De kaketoes (Cacatuidae) vormen een familie van 22 soorten. Samen met de families Psittacidae (papegaaien, parkieten en lori’s) en de Strigopidae (Nieuw-Zeelandse papegaaien) vormen zij de orde van papegaaiachtigen (Psittaciformes).[1] Er wordt wel gezegd dat de naam “kaketoe” is gebaseerd op het Maleise woord voor oudere zus (“kakak tua”), maar de naam is waarschijnlijk niet meer dan een klanknabootsing.[2] In dat Maleis is het woord ook “nijptang” gaan betekenen. Dit slaat op hun bijzonder sterke, kromme snavel.
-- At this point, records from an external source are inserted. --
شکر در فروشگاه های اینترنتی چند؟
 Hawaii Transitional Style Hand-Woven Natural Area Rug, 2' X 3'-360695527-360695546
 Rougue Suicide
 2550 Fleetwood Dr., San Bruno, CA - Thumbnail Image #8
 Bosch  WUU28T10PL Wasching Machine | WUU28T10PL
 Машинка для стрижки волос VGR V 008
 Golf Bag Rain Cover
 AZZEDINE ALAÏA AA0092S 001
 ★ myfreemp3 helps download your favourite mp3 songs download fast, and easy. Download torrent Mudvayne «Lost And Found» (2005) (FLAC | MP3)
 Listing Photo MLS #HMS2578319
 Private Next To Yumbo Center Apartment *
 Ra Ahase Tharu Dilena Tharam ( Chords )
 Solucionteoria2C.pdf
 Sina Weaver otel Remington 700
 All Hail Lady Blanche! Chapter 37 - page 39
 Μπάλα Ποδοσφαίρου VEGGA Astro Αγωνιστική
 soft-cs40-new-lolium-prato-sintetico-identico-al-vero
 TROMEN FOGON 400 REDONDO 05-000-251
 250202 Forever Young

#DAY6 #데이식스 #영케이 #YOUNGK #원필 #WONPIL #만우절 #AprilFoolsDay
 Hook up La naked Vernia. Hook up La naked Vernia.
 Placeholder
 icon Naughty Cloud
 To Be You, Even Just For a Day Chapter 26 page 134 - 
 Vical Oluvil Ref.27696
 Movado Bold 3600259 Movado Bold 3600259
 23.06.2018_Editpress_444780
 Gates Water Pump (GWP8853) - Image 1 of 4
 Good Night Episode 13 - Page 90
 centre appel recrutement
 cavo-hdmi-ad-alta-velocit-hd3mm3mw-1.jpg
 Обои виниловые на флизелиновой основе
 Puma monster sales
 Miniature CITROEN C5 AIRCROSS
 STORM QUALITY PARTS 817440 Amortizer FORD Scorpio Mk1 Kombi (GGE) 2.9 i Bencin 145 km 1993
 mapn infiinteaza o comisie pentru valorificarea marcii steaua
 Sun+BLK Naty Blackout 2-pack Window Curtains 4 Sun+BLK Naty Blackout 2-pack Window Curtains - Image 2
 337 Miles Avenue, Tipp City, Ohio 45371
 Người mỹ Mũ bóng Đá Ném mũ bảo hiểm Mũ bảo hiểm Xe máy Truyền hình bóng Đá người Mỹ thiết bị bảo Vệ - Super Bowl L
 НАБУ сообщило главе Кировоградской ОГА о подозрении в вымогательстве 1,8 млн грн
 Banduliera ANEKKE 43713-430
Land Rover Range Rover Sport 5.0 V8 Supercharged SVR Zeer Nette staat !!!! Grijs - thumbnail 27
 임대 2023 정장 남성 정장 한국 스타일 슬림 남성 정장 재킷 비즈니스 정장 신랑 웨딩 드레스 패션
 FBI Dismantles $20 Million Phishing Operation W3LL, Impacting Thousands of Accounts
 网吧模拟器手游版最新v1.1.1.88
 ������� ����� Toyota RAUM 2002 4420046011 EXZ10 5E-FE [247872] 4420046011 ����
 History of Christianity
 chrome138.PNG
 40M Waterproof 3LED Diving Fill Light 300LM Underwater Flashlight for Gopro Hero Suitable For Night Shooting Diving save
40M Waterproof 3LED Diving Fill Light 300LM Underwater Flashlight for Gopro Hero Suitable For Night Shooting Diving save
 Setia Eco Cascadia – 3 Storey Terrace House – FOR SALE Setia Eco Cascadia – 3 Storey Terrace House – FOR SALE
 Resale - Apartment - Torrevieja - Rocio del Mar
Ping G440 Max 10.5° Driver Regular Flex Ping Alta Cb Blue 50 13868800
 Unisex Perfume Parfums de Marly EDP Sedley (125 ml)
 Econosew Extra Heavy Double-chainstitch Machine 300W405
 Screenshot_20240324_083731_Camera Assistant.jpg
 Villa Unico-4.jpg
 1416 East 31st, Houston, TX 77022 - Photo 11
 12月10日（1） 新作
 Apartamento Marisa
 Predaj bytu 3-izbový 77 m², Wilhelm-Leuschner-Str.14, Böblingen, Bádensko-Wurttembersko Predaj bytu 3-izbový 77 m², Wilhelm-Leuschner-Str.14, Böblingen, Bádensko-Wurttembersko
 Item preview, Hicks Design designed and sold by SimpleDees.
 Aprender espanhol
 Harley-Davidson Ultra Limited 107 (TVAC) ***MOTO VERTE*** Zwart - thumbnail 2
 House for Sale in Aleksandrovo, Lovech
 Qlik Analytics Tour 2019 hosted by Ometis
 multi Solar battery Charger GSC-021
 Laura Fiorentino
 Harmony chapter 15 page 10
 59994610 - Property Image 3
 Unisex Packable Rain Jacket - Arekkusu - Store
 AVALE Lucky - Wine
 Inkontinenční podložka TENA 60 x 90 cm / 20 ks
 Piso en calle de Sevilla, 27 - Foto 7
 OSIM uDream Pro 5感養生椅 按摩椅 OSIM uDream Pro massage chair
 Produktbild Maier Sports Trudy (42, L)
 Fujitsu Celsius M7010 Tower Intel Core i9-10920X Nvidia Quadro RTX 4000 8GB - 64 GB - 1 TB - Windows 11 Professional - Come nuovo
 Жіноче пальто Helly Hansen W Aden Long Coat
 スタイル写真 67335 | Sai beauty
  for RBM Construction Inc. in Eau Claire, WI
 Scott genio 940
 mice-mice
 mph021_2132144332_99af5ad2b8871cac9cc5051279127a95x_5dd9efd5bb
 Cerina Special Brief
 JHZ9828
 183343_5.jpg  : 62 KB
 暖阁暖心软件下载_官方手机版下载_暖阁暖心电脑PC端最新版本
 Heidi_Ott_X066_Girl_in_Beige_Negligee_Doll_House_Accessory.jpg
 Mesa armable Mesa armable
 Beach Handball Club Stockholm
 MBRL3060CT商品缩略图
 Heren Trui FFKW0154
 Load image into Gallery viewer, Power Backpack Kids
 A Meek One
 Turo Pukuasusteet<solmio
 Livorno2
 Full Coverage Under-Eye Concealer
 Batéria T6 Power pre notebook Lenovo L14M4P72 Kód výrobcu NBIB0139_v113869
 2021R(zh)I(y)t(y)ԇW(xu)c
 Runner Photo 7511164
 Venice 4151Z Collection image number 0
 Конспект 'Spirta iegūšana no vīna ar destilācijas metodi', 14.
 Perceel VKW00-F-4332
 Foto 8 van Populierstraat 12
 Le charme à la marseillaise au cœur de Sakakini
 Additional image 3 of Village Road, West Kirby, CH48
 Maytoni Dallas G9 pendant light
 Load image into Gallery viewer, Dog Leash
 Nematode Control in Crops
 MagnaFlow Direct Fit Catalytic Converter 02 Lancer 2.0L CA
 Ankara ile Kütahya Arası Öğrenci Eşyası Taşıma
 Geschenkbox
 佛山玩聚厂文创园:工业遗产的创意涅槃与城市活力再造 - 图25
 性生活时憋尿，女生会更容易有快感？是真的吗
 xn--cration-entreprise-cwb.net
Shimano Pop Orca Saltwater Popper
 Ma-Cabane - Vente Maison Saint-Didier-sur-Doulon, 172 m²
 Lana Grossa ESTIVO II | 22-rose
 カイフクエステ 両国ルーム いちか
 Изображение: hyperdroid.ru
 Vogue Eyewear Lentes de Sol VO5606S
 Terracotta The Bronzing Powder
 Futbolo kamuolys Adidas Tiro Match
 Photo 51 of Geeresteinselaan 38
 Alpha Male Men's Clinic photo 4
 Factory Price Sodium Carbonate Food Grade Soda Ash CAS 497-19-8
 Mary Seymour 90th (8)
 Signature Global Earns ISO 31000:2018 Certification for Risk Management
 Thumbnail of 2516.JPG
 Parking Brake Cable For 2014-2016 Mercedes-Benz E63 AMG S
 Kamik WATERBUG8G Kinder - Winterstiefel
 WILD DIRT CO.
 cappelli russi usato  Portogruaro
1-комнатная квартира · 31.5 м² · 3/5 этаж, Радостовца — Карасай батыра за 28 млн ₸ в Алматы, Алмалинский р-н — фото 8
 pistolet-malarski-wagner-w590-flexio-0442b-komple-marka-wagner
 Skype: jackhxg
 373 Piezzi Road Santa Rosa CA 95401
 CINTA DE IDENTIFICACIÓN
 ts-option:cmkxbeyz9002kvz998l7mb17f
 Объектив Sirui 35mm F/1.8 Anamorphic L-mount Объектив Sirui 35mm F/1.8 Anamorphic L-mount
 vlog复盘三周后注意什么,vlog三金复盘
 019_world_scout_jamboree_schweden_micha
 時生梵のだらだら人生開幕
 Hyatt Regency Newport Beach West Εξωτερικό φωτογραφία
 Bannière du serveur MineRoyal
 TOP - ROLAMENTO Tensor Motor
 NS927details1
Kaketoes hebben vele kenmerken gemeen met andere papegaaien, waaronder de gebogen snavel en de voeten met twee tenen voorwaarts en twee tenen achterwaarts. De families verschillen echter op een aantal anatomische punten van elkaar. Zo hebben kaketoes een vaak spectaculaire kuif die opgezet kan worden en hebben ze niet de speciale veertextuur die veel papegaaien hun regenboogkleurige kleuren geeft. Kaketoes zijn gemiddeld groter dan papegaaien.
Alle kaketoesoorten zijn in het bezit van een kuif die soms overeind staat. De kuif heeft soms een andere kleur dan het lichaam. Zo heeft de rozeachtige molukkenkaketoe een oranje kuif en de witte grote geelkuifkaketoe een gele kuif.
Het lichaam van vrijwel alle kaketoesoorten is effen gekleurd (meestal wit) en er is geen verschil te zien tussen het verenkleed van mannetjes en vrouwtjes. Vrouwelijke kaketoes hebben soms lichter gekleurde ogen (roodbruin) dan de mannetjes (donkerbruin). De valkparkiet is de kleinste kaketoe.
Beoordelingen
Er zijn nog geen beoordelingen.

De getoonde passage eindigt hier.